© JUNGE FREIHEIT Verlag GmbH & Co.  www.jungefreiheit.de  19/10 07. Mai 2010

Aufgeschnappt
Lokale Verbote
Matthias Bäkermann

Auslöser war ein Lokalverbot. Im linksalternativen Göttinger Café „Kabale“ erkannte man beim sonntäglichen Frühstück Ende März eine Mitarbeiterin der Ausländerbehörde. Da diese sich an der „Abschiebepolitik“ beteilige, forderte man die Frau zum sofortigen Verlassen des Lokals auf: Beschäftigte der Ausländerbehörde bediene man nicht, bekundete stolz das „Betreiberkollektiv“. Der Applaus des linken Narrensaums folgte prompt: „Soli-Flugblätter“ mit dem Aufruf „Kein Frühstück für RassistInnen“ kursierten massenhaft, auch der Göttinger Landtagsabgeordnete Patrick Humke-Focks (Die Linke) bekundete „seine volle Solidarität“. Versuche der Stadt Göttingen, mit Hilfe des Antidiskriminierungsgesetzes gegen das Café vorzugehen, scheiterten kläglich, und die Konzession wollte man dann doch lieber nicht entziehen.

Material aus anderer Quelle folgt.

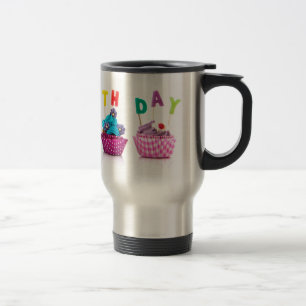 Taza De Viaje Cupcakes de Cumpleaños Feliz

Heftiger fiel indes die folgende Debatte mit örtlichen Geschäftsleuten über Lokalverbote im Göttinger Tageblatt aus. Als dort Ulrike Grummes-Salomon, Betreiberin des renommierten Café Cron & Lanz, Verständnis für Lokalverbote zeigte, schlug die Stimmung um. Denn auch sie verweise Gäste des Lokals, jedoch weniger aus politischen Gründen: „Viele Bettler“ seien „sehr dreist“, schnitten sich zechprellend Fußnägel oder spuckten sie an – „wie Ungeziefer“, so lästig seien diese. Sofort prüfte die Staatsanwaltschaft Ermittlungen wegen Volksverhetzung, Grummes-Salomon wurde zur öffentlichen Distanzierung ihrer „inakzeptablen Wortwahl“ genötigt. Linke Sturmabteilungen ahndeten den PC-Verstoß auf ihre Weise: Die Scheiben des Café Cron & Lanz wurden Ende April mit Pflastersteinen „entglast“.